> _PROBLEM REQUIREMENTS_: Only one stretch of the material below is wanted: everything from the line containing "Unions continue to" down to the line containing "bokomslag Luftwaffe Mistel", both ends included. Repeat it exactly and skip the pictures.

> _RECORDS FOR PROCESSING_:
◇ ◇ ◇ ◇ ◇
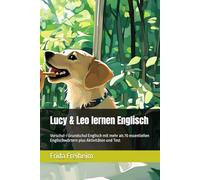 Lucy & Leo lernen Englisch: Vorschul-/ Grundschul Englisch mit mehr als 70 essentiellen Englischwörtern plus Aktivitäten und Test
◇ ◇ ◇ ◇ ◇
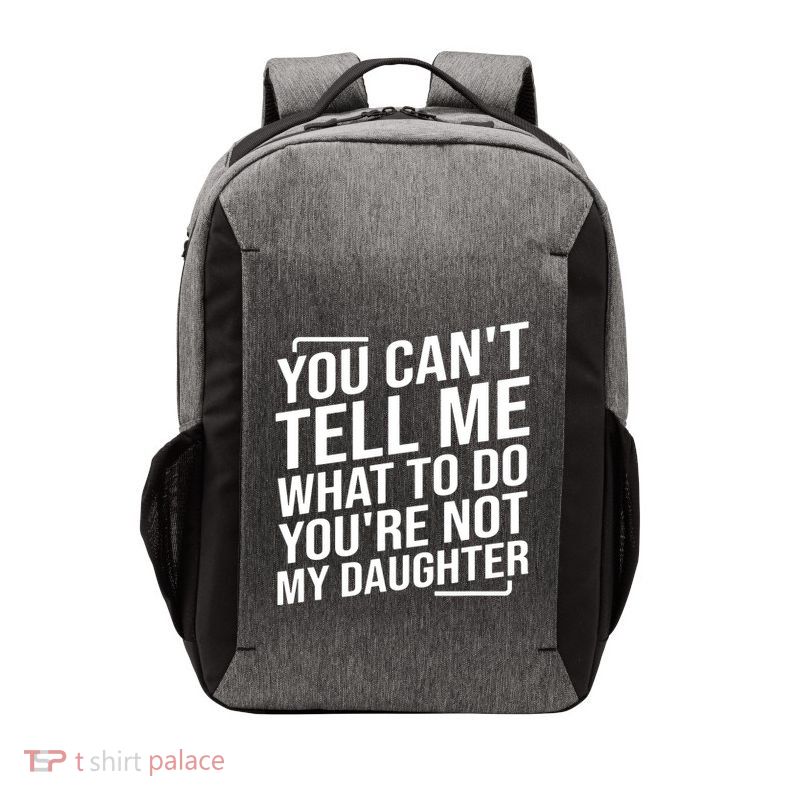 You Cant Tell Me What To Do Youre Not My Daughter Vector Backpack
◇ ◇ ◇ ◇ ◇
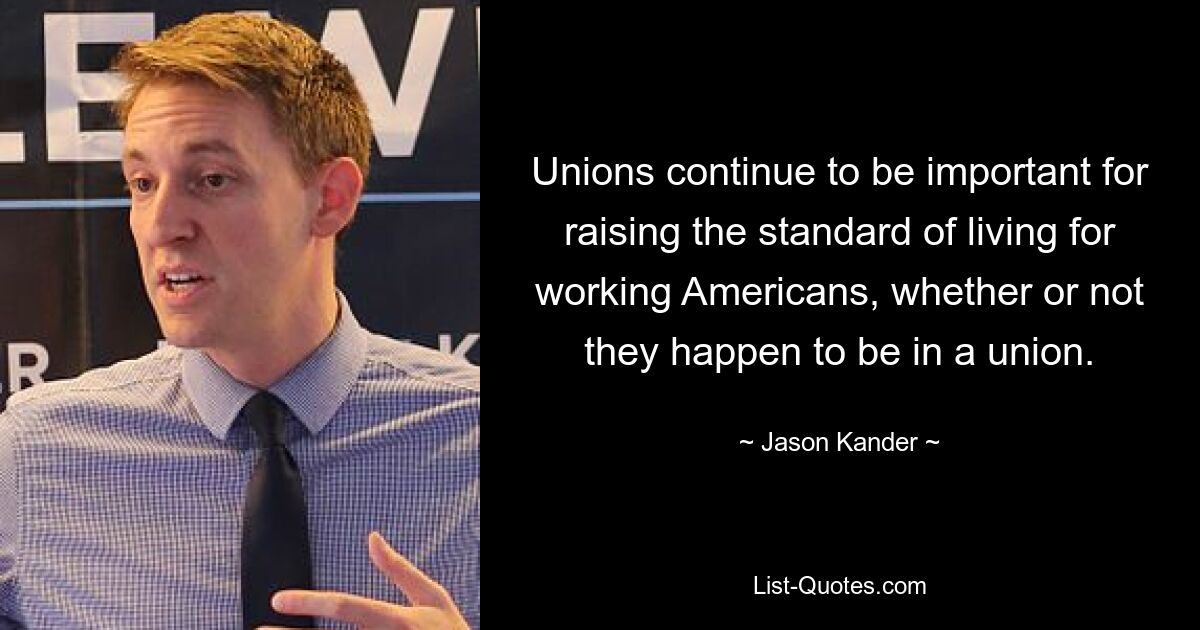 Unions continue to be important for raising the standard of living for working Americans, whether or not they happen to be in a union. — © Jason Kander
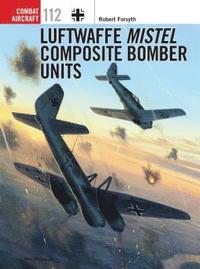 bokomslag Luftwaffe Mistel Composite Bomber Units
◇ ◇ ◇ ◇ ◇
> _SOLVED EXERCISE_:
 Unions continue to be important for raising the standard of living for working Americans, whether or not they happen to be in a union. — © Jason Kander
 bokomslag Luftwaffe Mistel Composite Bomber Units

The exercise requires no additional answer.